A few days ago, the Swiss climber managed the first ascent of The Back of Beyond (9a) route in Soyhières.
The line in Soyhières was set up by Phillipe Steulet in 1989 and remained in project status for a long time until Alexander tube took the route seriously. The young man from Bern describes the route as one of the last major lines in Switzerland and talks about what fascinates him about the line.
An interview with Alexander Rohr
What kind of line is it?
Bei The Back of Beyond it is an old project that was drilled in by Phillipe Steulet. Having had a fatal accident, he never really got to try the line. Later, the German Thomas Kraus decided to shorten the route and drill a stand under the last key boulder.
This opened up Jusqu'au bout du monde and Kraus also got the first ascent of this 8c. However, the whole line remained unclimbed until recently.

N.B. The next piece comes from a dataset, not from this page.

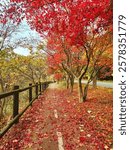 Bike road full of red maple trees during autumn in Naejangsan national park in Jeongeup, South Korea 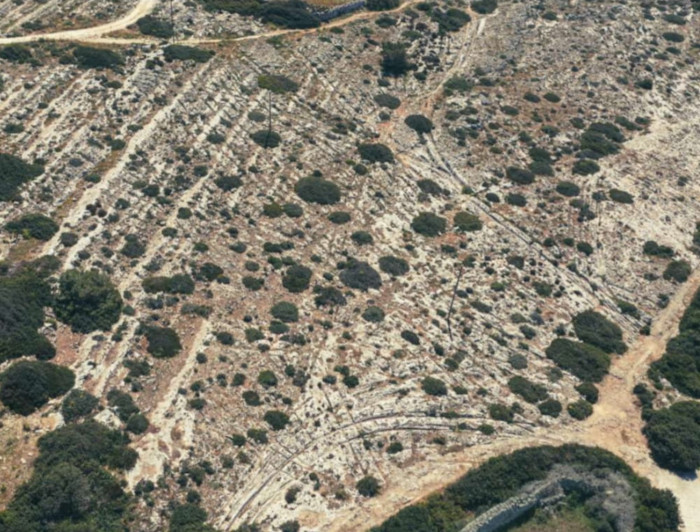 A dense cluster of overlapping cart ruts at Misraħ Għar il-Kbir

Where is the route located?
The line is in the left and slightly longer part of Soyhieres. It is located to the left of the classic Mines de Rien (8b +), which also comes from Steulet's pen.
How did you come up with The Back of Beyond as a name, what's behind it?
The route name is a play on words with the name of the first length (Jusqu'au bout du monde) and my friend finally gave me the idea for the name of the complete line. Jusqu'au bout du monde means “until the end of the world”. I was wondering what comes after the end of the world? For me the answer is: “The great indefinable”. And so the name The Back of Beyond was born. It's a British phrase for “in the middle of nowhere”. It also rhymes with the name of the first length.
When did you look at the line?
I had known about the project for a relatively long time. But I thought it was better to wait until I feel strong enough. You have to be able to climb the lower 8c length fresh. It's not that simple, as it only has one resting point in the lower half.
The remaining 28 meters of the route you climb full throttle and without resting and then run pretty unrestrained into the ~ 7C + boulder after the stand of the first length. I tried a couple of days in early November and then took a short break as the temperatures were pretty high. Two weeks ago I had the breakthrough and decided to stick with it. After a few tight attempts, it finally worked on November 24th in the third attempt of the day.
Why the line?
It's always nice to finish something unfinished. In addition, this is a really special tour for Swiss standards. Most of the time, the difficult routes here are rather short and rather boulder-heavy.
The Back of Beyond reminded me of lines that you try abroad but never find here. 28 meters long only heavy trains and only one resting point is special and a style I've started to like.
What was the key to success?
The key to success is always the same: stick with it. Especially with this route it can be very difficult. If you get out of the 8c, you can forget about it anyway. So it boils down to constantly climbing the entire first length and falling out in the last difficult moves after a lot of climbing. It only helps to pull yourself together and stick with it.